Copy exactly the last part of the listing below, beginning at the line that contains "9 madde daha" and including the final line.

• _SUPPLIED RECORDS_
▶

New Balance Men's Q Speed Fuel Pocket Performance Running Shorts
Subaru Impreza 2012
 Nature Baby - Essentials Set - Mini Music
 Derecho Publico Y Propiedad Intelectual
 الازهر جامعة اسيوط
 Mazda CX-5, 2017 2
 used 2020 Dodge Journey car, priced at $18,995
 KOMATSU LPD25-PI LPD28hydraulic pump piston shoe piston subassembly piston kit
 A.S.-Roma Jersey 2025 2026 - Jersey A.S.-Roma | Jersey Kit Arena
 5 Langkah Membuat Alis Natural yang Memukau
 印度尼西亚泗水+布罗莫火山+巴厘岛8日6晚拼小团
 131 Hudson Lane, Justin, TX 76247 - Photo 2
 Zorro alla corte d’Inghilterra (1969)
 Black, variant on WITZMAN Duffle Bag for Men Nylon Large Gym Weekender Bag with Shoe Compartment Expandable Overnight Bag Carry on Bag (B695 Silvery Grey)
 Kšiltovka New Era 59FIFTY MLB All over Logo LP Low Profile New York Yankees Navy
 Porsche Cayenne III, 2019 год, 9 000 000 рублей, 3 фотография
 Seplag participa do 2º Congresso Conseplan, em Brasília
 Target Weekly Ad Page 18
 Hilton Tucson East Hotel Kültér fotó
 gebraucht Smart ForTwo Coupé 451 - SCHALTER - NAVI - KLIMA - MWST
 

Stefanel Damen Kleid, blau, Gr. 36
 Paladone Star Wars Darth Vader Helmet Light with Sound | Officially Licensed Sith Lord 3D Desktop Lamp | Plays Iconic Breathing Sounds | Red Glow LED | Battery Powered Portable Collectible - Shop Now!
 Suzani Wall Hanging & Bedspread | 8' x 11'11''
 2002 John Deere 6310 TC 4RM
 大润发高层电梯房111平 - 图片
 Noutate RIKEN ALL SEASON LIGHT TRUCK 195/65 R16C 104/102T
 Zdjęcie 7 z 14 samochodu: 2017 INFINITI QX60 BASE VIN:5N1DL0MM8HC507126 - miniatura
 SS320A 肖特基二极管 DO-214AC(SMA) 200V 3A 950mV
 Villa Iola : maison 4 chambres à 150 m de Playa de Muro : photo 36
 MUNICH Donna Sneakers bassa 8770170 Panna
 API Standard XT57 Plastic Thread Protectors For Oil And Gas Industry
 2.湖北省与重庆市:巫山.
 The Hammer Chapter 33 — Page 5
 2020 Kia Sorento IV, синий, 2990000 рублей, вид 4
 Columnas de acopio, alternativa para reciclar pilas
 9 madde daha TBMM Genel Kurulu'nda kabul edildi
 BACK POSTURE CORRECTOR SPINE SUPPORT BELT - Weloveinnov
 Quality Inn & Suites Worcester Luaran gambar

◀

• _OUTPUT BELOW_
 9 madde daha TBMM Genel Kurulu'nda kabul edildi
 BACK POSTURE CORRECTOR SPINE SUPPORT BELT - Weloveinnov
 Quality Inn & Suites Worcester Luaran gambar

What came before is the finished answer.